### Exercise details
From the first line of the data down to the line bearing "Awesome 80's Party", output every line exactly and include no pictures.

◆ ◆ ◆

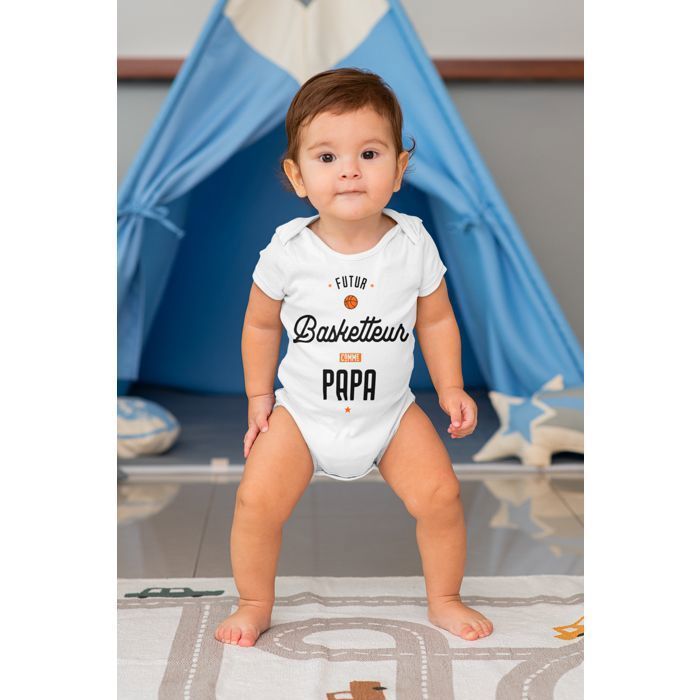 Zukünftiger Basketballspieler wie Papa – Pixel Evolution – Babybody – Witziger und lustiger Body – Geschenkidee zur Babyparty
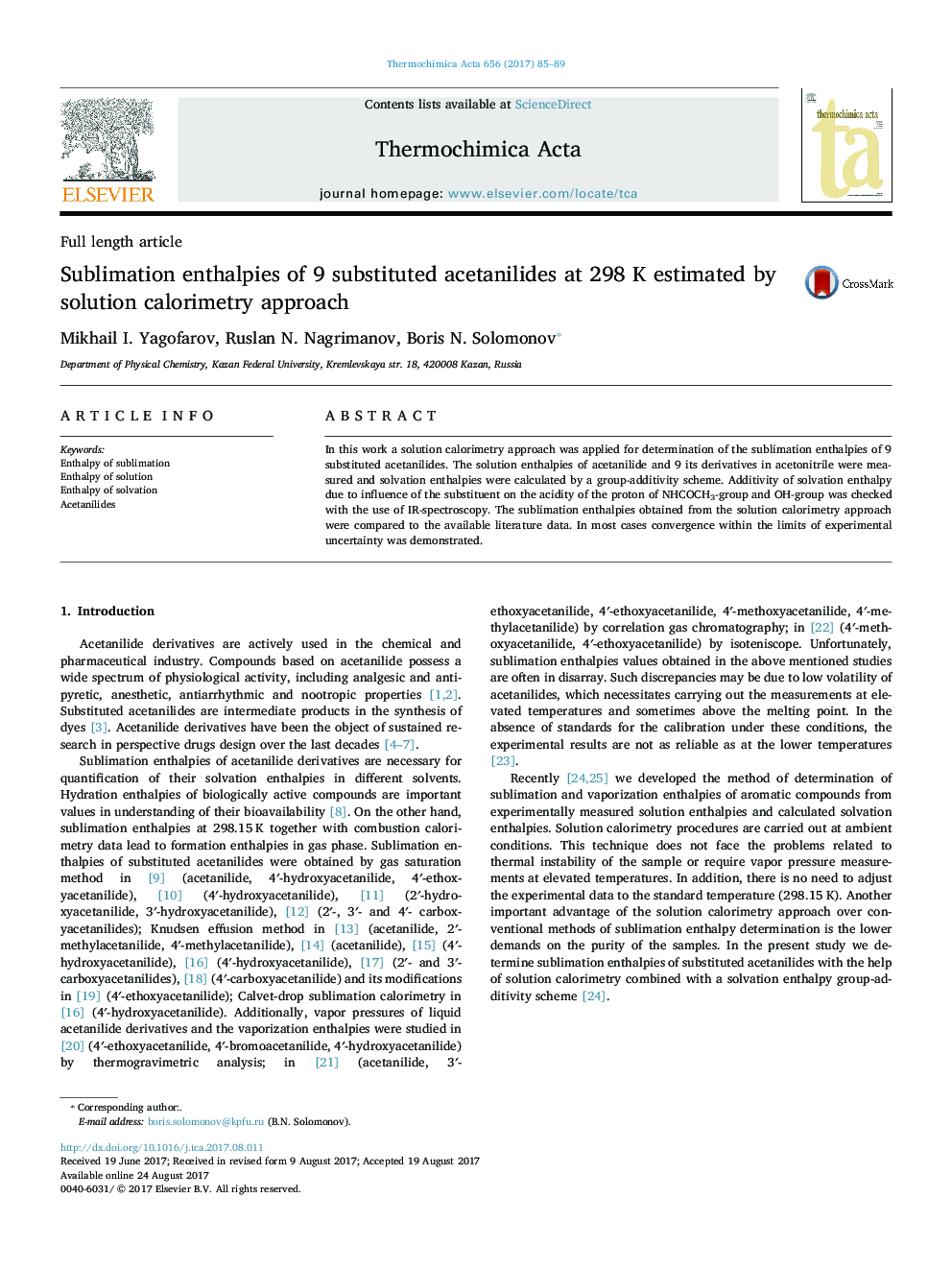Sublimation enthalpies of 9 substituted acetanilides at 298 K estimated by solution calorimetry approach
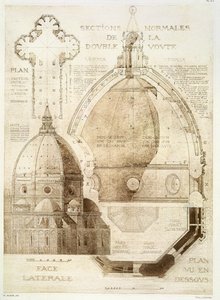 Plan, section et élévation de la cathédrale de Florence, de 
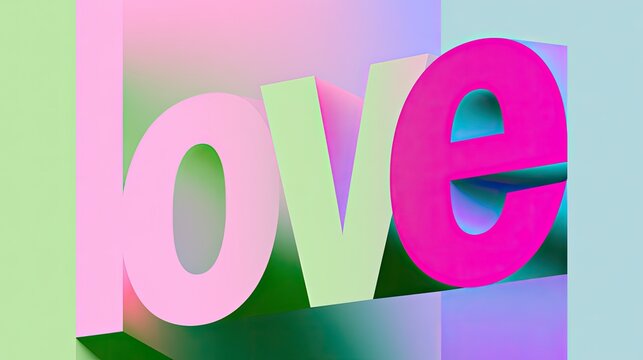 Bold 3D word "love" in vibrant pink, green, and pastel hues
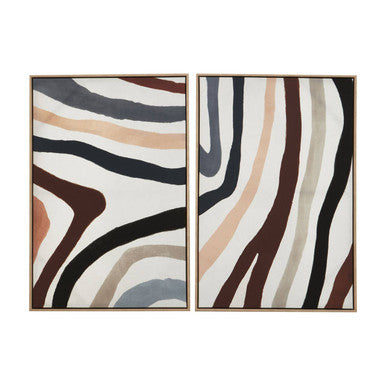 Astratto Set Of Two Multi Coloured Abstract Wall Art
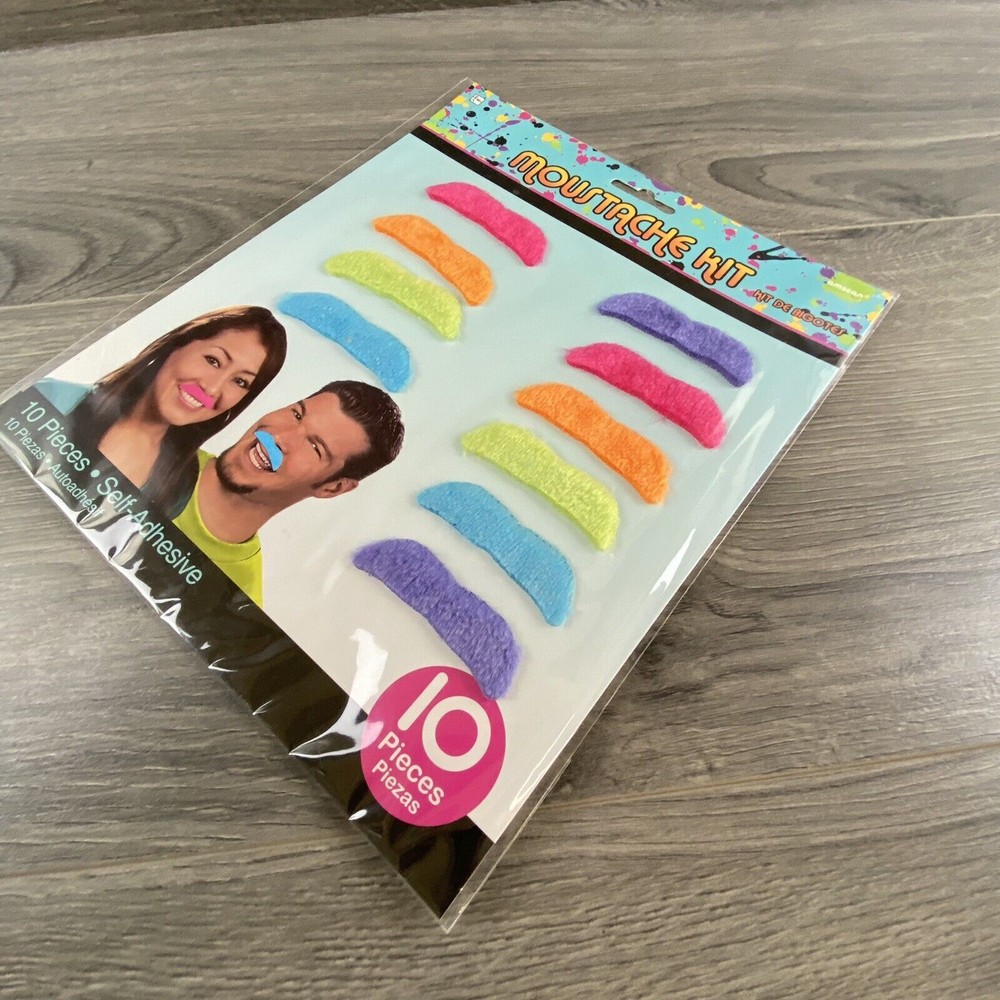 Awesome 80's Party Pack Assorted Color Mustaches Accessory Fabric 2"
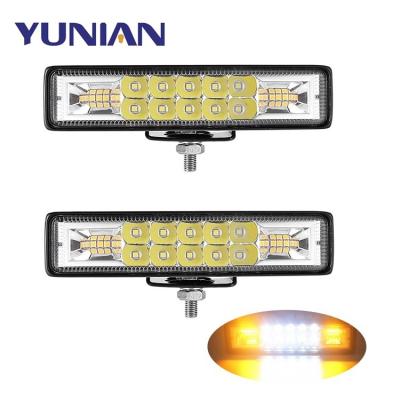 China Die Cast Aluminum Flash Combo Strobe Combo Beam Double Work Light 48W 6inch LED White Yellow Color For Atv Suv Motorcycle Truck Trailer Car Led Lamp for sale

◆ ◆ ◆

### Reply to the exercise
 Zukünftiger Basketballspieler wie Papa – Pixel Evolution – Babybody – Witziger und lustiger Body – Geschenkidee zur Babyparty
Sublimation enthalpies of 9 substituted acetanilides at 298 K estimated by solution calorimetry approach
 Plan, section et élévation de la cathédrale de Florence, de 
 Bold 3D word "love" in vibrant pink, green, and pastel hues
 Astratto Set Of Two Multi Coloured Abstract Wall Art
 Awesome 80's Party Pack Assorted Color Mustaches Accessory Fabric 2"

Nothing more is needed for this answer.